Reducing the number of package dependencies
Closed this issue · 6 comments
Hi Bioconductor team,
Is it possible to rework BiocFileCache a bit to not depend on quite so many tidyverse packages?
This is looking pretty heavy at the moment:
Depends | R (>= 3.4.0), dbplyr (>= 1.0.0)
Imports | methods, stats, utils, dplyr, RSQLite, DBI, filelock, curl, httr
AcidDevTools::packageDependencies("BiocFileCache")
## [1] "dbplyr" "methods" "stats" "utils" "dplyr"
## [6] "RSQLite" "DBI" "filelock" "curl" "httr"
## [11] "blob" "cli" "glue" "lifecycle" "magrittr"
## [16] "pillar" "purrr" "R6" "rlang" "tibble"
## [21] "tidyr" "tidyselect" "vctrs" "withr" "generics"
## [26] "jsonlite" "mime" "openssl" "bit64" "memoise"
## [31] "pkgconfig" "plogr" "cpp11" "bit" "cachem"
## [36] "tools" "askpass" "fansi" "utf8" "stringr"
## [41] "graphics" "grDevices" "sys" "fastmap" "stringi"
Happy to help work on this!
Best,
Mike
In particular, can we take out the dplyr / dbplyr dependencies?
> packageDependencies("dplyr")
[1] "cli" "generics" "glue" "lifecycle" "magrittr"
[6] "methods" "pillar" "R6" "rlang" "tibble"
[11] "tidyselect" "utils" "vctrs" "fansi" "utf8"
[16] "pkgconfig" "withr" "grDevices" "graphics" "stats"
> packageDependencies("dbplyr")
[1] "blob" "cli" "DBI" "dplyr" "glue"
[6] "lifecycle" "magrittr" "methods" "pillar" "purrr"
[11] "R6" "rlang" "tibble" "tidyr" "tidyselect"
[16] "utils" "vctrs" "withr" "generics" "fansi"
[21] "utf8" "pkgconfig" "stringr" "cpp11" "graphics"
[26] "grDevices" "stats" "stringi" "tools"
Here's current session info after only attaching BiocFileCache:
> library(BiocFileCache)
Loading required package: dbplyr
> sessionInfo()
R version 4.3.1 (2023-06-16)
Platform: x86_64-apple-darwin20 (64-bit)
Running under: macOS Ventura 13.5.2
Matrix products: default
BLAS: /Library/Frameworks/R.framework/Versions/4.3-x86_64/Resources/lib/libRblas.0.dylib
LAPACK: /Library/Frameworks/R.framework/Versions/4.3-x86_64/Resources/lib/libRlapack.dylib; LAPACK version 3.11.0
locale:
[1] en_US.UTF-8/en_US.UTF-8/en_US.UTF-8/C/en_US.UTF-8/en_US.UTF-8
time zone: America/New_York
tzcode source: internal
attached base packages:
[1] stats graphics grDevices utils datasets methods base
other attached packages:
[1] BiocFileCache_2.8.0 dbplyr_2.3.3 AcidDevTools_0.6.15
loaded via a namespace (and not attached):
[1] vctrs_0.6.3 httr_1.4.7 cli_3.6.1 rlang_1.1.1
[5] DBI_1.1.3 generics_0.1.3 glue_1.6.2 bit_4.0.5
[9] fansi_1.0.4 filelock_1.0.2 tibble_3.2.1 fastmap_1.1.1
[13] lifecycle_1.0.3 memoise_2.0.1 compiler_4.3.1 dplyr_1.1.3
[17] RSQLite_2.3.1 blob_1.2.4 pkgconfig_2.0.3 R6_2.5.1
[21] tidyselect_1.2.0 utf8_1.2.3 pillar_1.9.0 curl_5.0.2
[25] parallel_4.3.1 magrittr_2.0.3 tools_4.3.1 bit64_4.0.5
[29] cachem_1.0.8
>
the results and output are currently in dplyr tbl and thus use the functions accordingly to filter/mutate/summarize.
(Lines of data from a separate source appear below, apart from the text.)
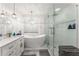 Modern bathroom featuring soaking tub, glass shower, and sleek vanity at 5219 Legendary Ln, Acworth, GA 30102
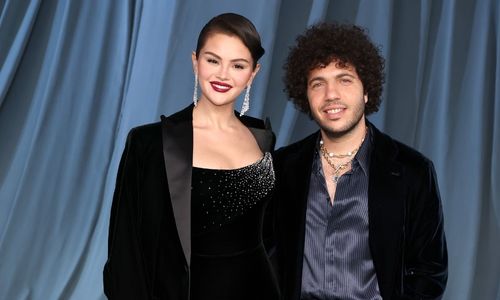 Selena Gomez and Benny Blanco attending a public event together, appearing cheerful and comfortable.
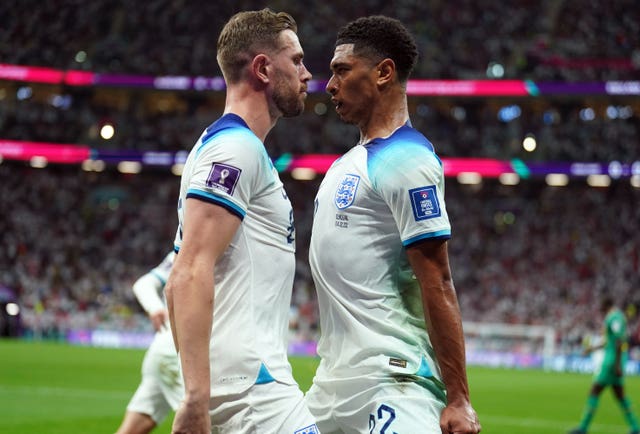 England’s Jordan Henderson celebrates with Jude Bellingham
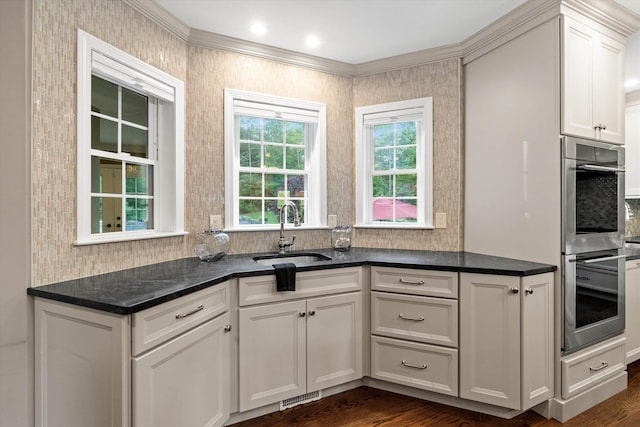 104 Windsor Dr, Auburn, NH 03032 - kitchen featuring double oven, white cabinetry, dark wood-style flooring, tasteful backsplash, and dark stone countertops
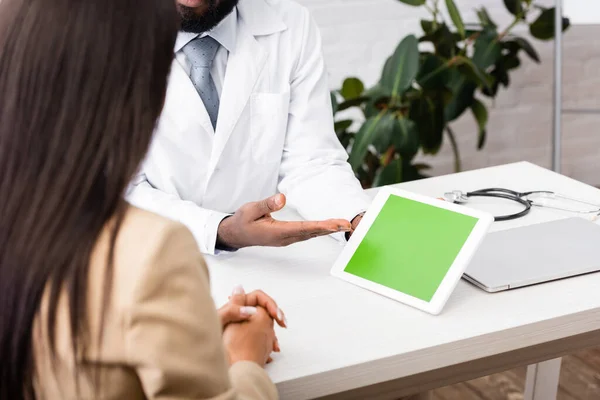 Ausgeschnittene Ansicht eines afrikanisch-amerikanischen Arztes, der mit der Hand auf ein digitales Tablet mit grünem Bildschirm in der Nähe einer brünetten Patientin zeigt — Stockfoto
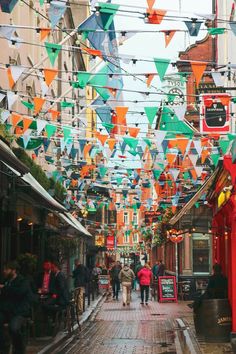 many people are walking down the street with colorful flags hanging from the wires above them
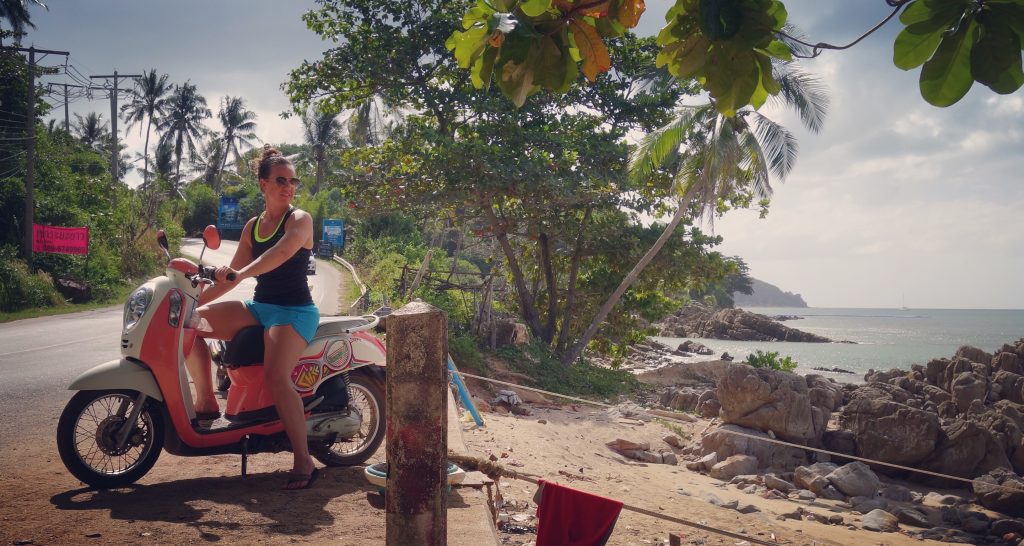 woman on moped near tropical beach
It was a conscious effort to use more tidy like structures for the package.
The downside with that though is any other package that imports BiocFileCache requires all those additional dependencies, and it really starts to add up if you import any other informatics tools
I'm still not in favor of restructuring the entire package just for the sake of relieving the dependency. The tidy structures are stable and provide for efficient and condensed code.